Mi trovo di nuovo a Beloi e sto per salire sul ferry Laju Laju diretto a Dili. Nell’attesa, osservo alcune ragazze timoresi che fanno il bagno vestite, come le musulmane. Certo, 25 anni di dominazione indonesiana per certi aspetti non aiuta a far progredire l’universo femminile. Tuttavia, le nuove generazioni sono artefici di un cambiamento veloce, con i suoi aspetti positivi e negativi. Ad esempio, il matrimonio dei timoresi oggi avviene dopo che la coppia ha vissuto insieme o quando la sposa è incinta. Ha luogo solo quando le famiglie sono pronte a far fronte alle spese che queste cerimonie comportano. Le formalità matrimoniali rimangono però condizioni necessarie per il riconoscimento della sposa e dello sposo come membri delle due famiglie e della comunità. Mentre faccio queste considerazioni, una stupenda bionda in perizoma, praticamente nuda, attraversa il molo con estrema disinvoltura, in profondo contrasto con le timoresi che fanno il bagno vestite. Memore dei racconti di Carlos, colgo l’imbarazzo della gente che abbassa il capo per non guardare. I timoresi per di più, sempre secondo Carlos, perdono facilmente la testa per le bionde che, in giro dopo il tramonto, rischiano di essere molestate.

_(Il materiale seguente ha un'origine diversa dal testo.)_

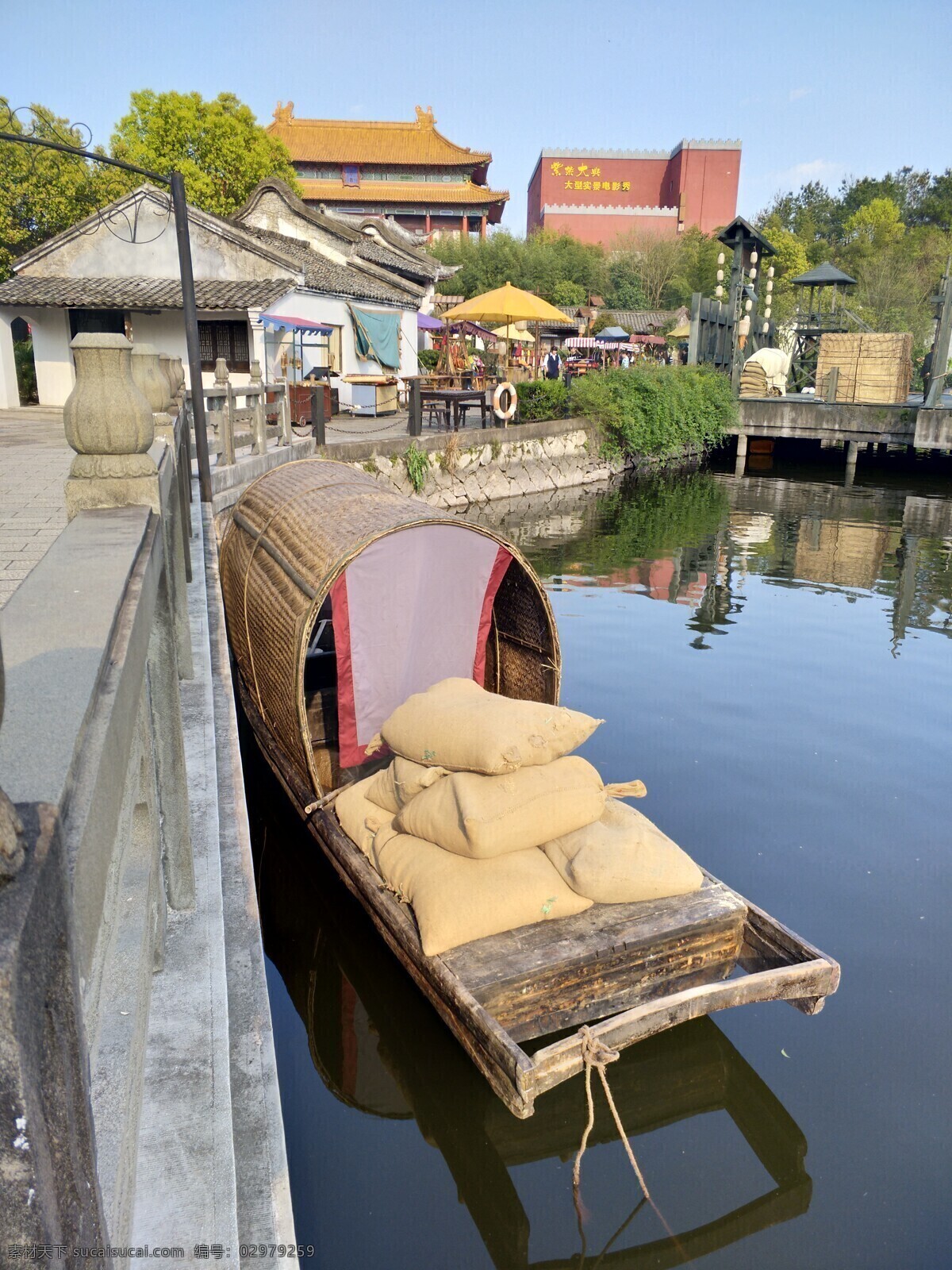 乌蓬船 木船 木舟 船 停泊 靠岸 麻袋 桥 湖 风景照 旅游摄影 国内旅游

Sul ferry ritrovo lo spirito del viaggiatore nello scambio di esperienze con un giovane uomo portoghese che percorre le ex colonie per lavoro e racconta le sue impressioni sul recente viaggio in Africa: “Luanda (Angola), lui dice, è una città pericolosa ed oltremodo cara, mentre Maputo (Mozambico) è tranquilla ma non c’è niente da vedere”. In compenso mi parla con entusiasmo della bellezza della gente e della natura di Sao Tomè, aprendomi nuovi orizzonti. Sono partito alle 14:30 col mare piatto, attracco al porto di Dili alle 18. In cinque minuti di cammino, sono di nuovo alla guesthouse Da Terra di Carlos. Racconto brevemente il viaggio “Mal-dive” alle due lavoranti, Lucia e Nunzia, che ridono a crepapelle. E’ da tempo che, con rammarico, non sento più ridere così in Italia. Chissà come ridono a Sao Tomè?